Terming the recent judgment in the Bhopal case as a "preposterous travesty", a British expert on corporate social responsibility today called for a global 'corporate manslaughter law' that can hold to account corporations such as Union Carbide.
Professor Martin Parker of the University of Leicester, a leading scholar in the area of organisation and corporate social responsibility, said the story of the Bhopal case is that the people, particularly in the global South, were unable to hold such corporations to account.
"If corporations claim to be caring, lovely, kind creatures and spend billions of dollars to build such an image, we should be able to hold them to account when they fail to behave in a responsible manner.
"The story of Bhopal is that we can't. This isn't justice, but preposterous travesty," he said.
There needs to be a manslaughter law that can be enforced globally so that corporations such as Union Carbide could be taken to task if they fail their responsibilities in other countries, Parker said.
The short sentences handed out by the court to the accused may be commensurate with Indian law, but it raised questions about corporate social responsibility, Parker said and added that the consequent concern over the judgment and laws was entirely justified.

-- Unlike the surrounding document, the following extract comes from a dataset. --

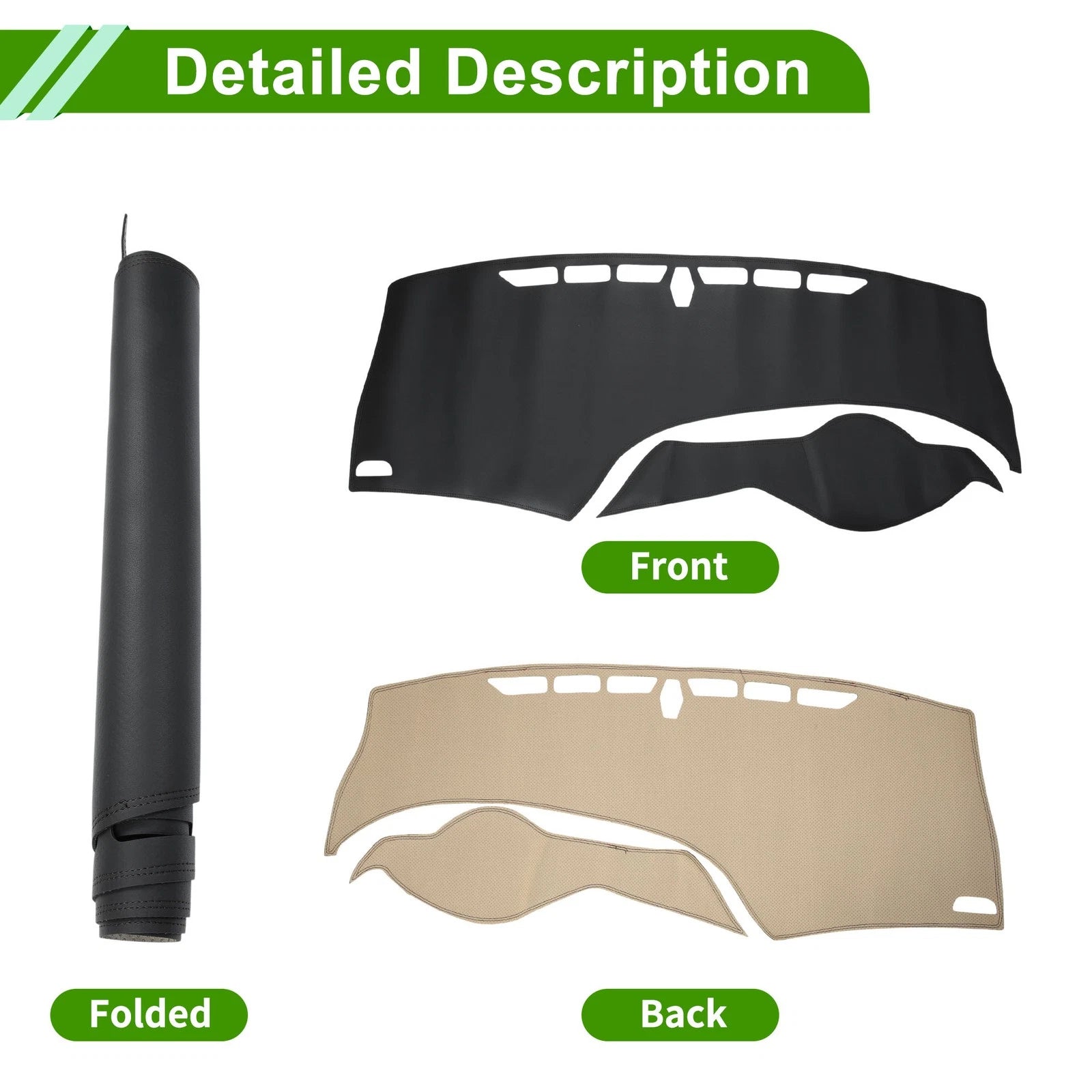 Dashboard Cover for Honda Civic (2012–2015) Dash Mat Carpet Black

"So far we have a one-way version of corporate social responsibility. Corporations spend billions building their images, and claim to be socially responsible, but when it comes to the crunch, such as in Bhopal, they don't want to accept responsibility," he said.
Questioning whose responsibility it was to deal with the remaining chemical waste that continued to exist in Bhopal, Parker said the key issue was a 'reciprocity of responsibility' in which corporations not only claimed but also accepted responsibility.
The issue, he said, was not about raising compensation or sending accused to prisons for such man-made disasters, but whether they can be resolved within a global corporate structure that was able to pin down the corporations to their claims to be socially responsible.
"It is not enough for a corporation in one country to excuse itself on the ground that incidents such as Bhopal happened elsewhere."Geographical distance and deferral of responsibility to local contractors cannot be excused. There has to be a global structure of law that takes into account such factors," Parker said.